Car Hacking – The Issue We’re Wrongly Ignoring

[Our comment: Gee, ya think?! It is astonishing to us that so many of the people who seemingly can’t wait to have their own ‘autonomous’ vehicle, have apparently never heard of (or forgotten?) the notorious ‘blue screen of death’…  when computer operating systems freeze up. And now, with their obvious vulnerabilities to hacking, why would anyone trust these connected vehicles, even at their current state of (non-autonymous) deployment?]

Original here:

2017 All-New GMC Acadia Denali Infotainment

March 3, 2016 by by Nicole Wakelin

Everyone knows computers can be hacked and cars can be stolen.

According to a recent study, most of us have no idea that car hacking is a serious problem, too.

The news comes from Kelley Blue Book and is based on a study conducted in the summer of 2015. Fully three quarters of respondents said they couldn’t recall any news of car hacking in the last year.

This despite a Jeep Cherokee in Pittsburgh being hacked all the way from St.
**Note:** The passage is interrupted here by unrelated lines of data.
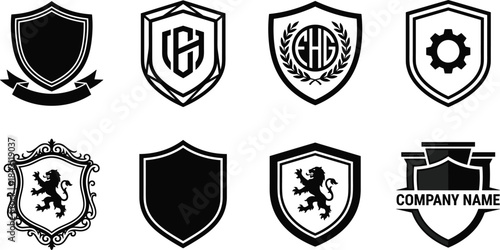 Shield Logo Emblem Set, Black and White Heraldic Designs, Corporate Identity, Prestige Branding, Lion, Gear, Ribbon, Laurel, Monogram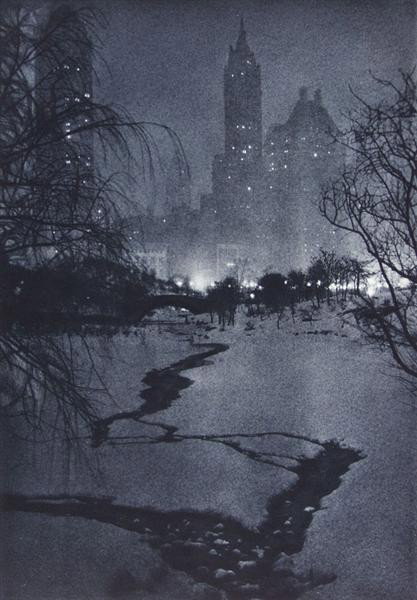 ADOLF FASSBENDER - Original vintage photogravure: Adolf Fassbender (German/American, 1884 - 1980). "White Night [New York City]". Original vintage photogravure. 1936. Printed 1937. Signature stamp, verso. This print sold for $978 at Christie's, East 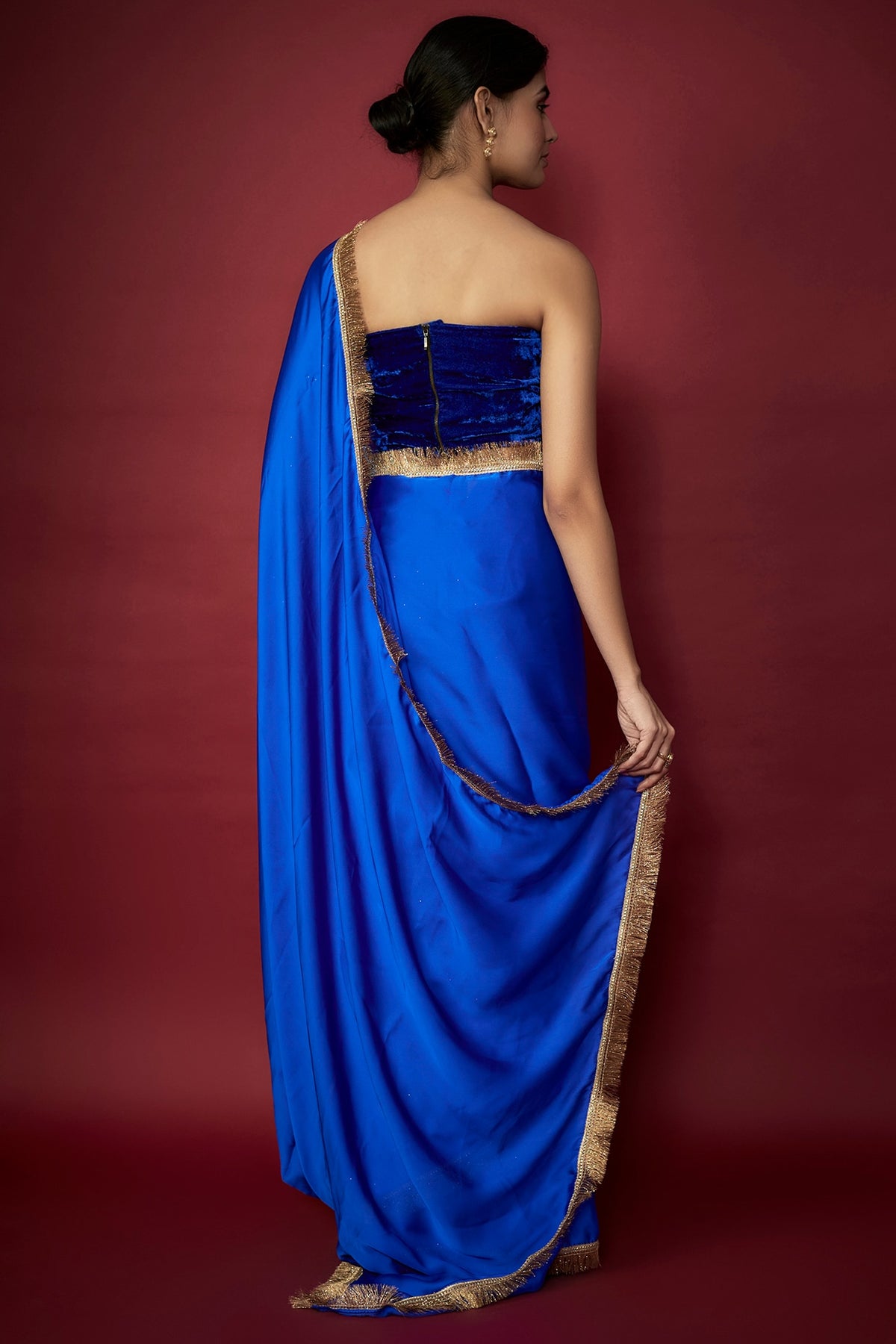 Electric Blue Recycled Polyester Gota Fringed Saree Set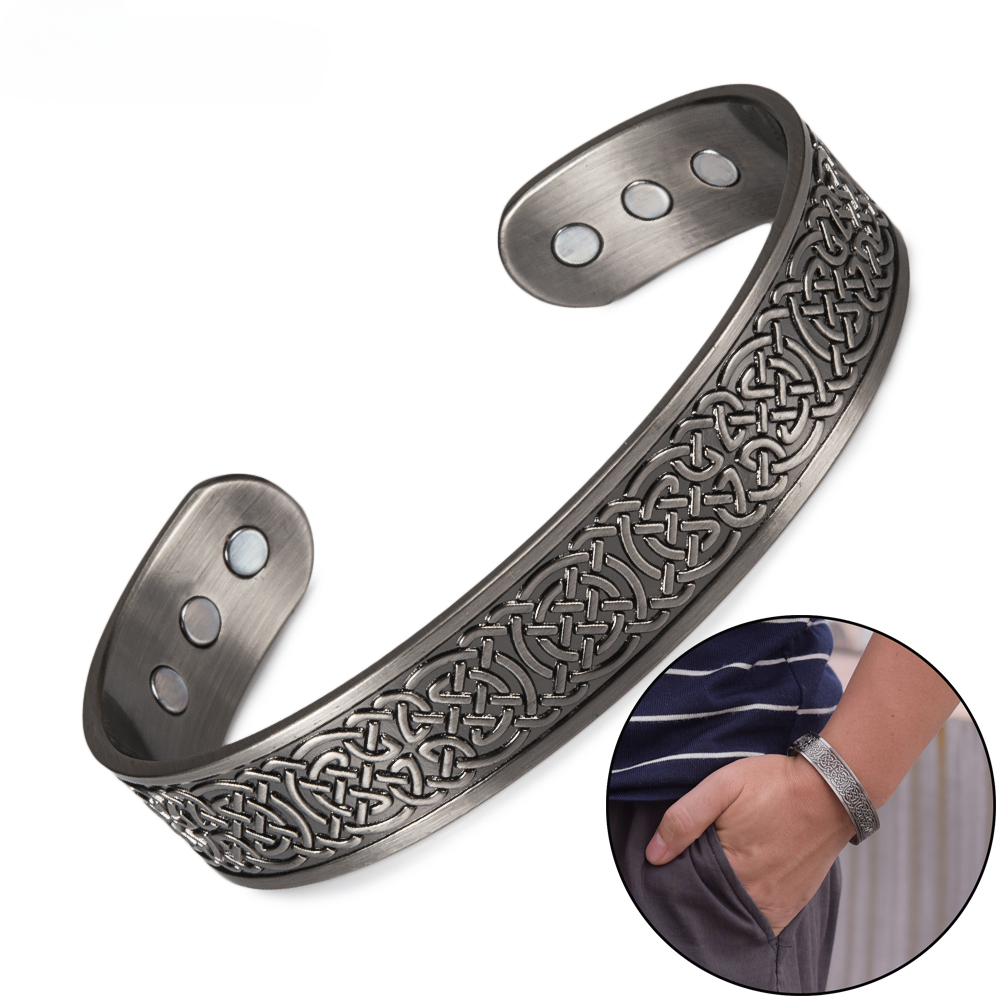 Meathly Real Copper Magnetic Bracelet Viking Vintage Black 15mm Wide Adjustable Open Cuff Bangles for Man Health Energy Jewelry_voghion.com
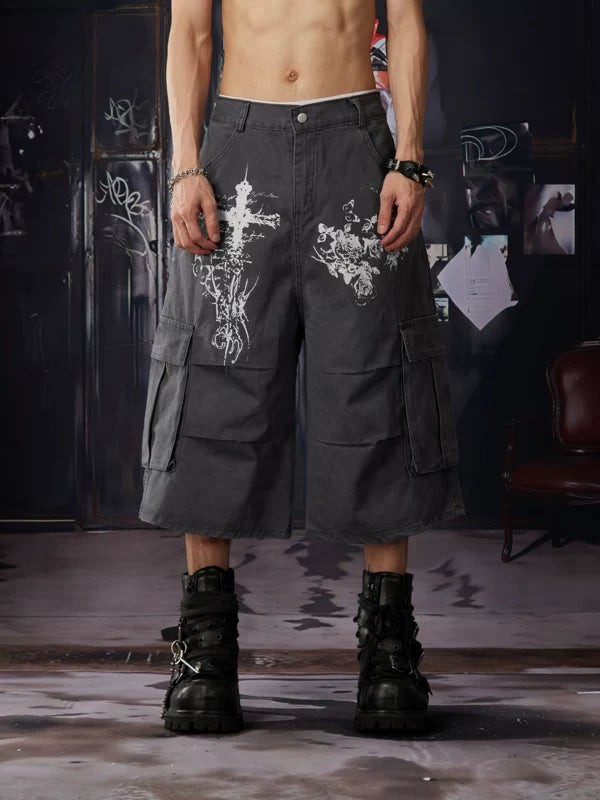 Retro Print Cargo Pants 1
Louis in an effort to demonstrate the vulnerability of cars to hackers. They took control of the car messing with the brakes, radio, windshield wipers, and transmission. This hack was done with the owner’s knowledge as a demonstration, but imagine if it was done maliciously.

There’s also the problem of information security. You connect your phone and transmit all kinds of personal data to your car. Where you live, work, and visit are all there thanks to your navigation system. Your contacts with their emails, phone numbers, and social media accounts are all there, too.

The amount of information up for grabs, combined with the possibility that someone could take control of your car, is cause for worry.